#### INSTRUCTIONS TO FOLLOW:
In the entries below, find each line with the word "Foto" and return it.

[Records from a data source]

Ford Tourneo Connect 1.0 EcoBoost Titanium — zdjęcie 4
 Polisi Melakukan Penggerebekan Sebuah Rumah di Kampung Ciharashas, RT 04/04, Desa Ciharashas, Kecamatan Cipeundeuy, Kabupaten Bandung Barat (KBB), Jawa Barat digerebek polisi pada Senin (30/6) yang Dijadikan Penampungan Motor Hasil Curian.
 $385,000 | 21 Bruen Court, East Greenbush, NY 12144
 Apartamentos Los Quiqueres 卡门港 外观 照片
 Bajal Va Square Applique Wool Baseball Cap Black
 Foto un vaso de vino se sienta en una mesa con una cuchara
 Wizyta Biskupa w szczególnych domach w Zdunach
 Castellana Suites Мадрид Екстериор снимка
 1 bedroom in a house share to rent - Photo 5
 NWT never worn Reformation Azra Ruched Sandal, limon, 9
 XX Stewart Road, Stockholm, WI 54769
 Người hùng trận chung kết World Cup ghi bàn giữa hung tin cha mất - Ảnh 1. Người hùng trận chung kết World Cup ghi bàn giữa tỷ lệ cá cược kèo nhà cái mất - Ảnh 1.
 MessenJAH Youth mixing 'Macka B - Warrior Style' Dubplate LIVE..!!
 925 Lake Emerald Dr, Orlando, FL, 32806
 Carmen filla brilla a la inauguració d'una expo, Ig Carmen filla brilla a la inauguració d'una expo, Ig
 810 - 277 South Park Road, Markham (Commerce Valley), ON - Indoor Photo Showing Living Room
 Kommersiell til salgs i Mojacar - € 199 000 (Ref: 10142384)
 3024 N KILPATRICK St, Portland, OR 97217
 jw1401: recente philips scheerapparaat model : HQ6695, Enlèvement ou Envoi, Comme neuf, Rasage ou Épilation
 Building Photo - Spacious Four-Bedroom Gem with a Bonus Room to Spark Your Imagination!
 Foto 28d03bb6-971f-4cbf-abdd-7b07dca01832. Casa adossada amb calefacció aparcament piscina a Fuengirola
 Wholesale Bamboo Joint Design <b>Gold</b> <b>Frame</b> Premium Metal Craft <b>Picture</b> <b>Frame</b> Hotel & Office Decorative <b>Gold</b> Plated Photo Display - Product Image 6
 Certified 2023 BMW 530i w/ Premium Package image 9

#### OUTPUT:
 Foto un vaso de vino se sienta en una mesa con una cuchara
 Foto 28d03bb6-971f-4cbf-abdd-7b07dca01832. Casa adossada amb calefacció aparcament piscina a Fuengirola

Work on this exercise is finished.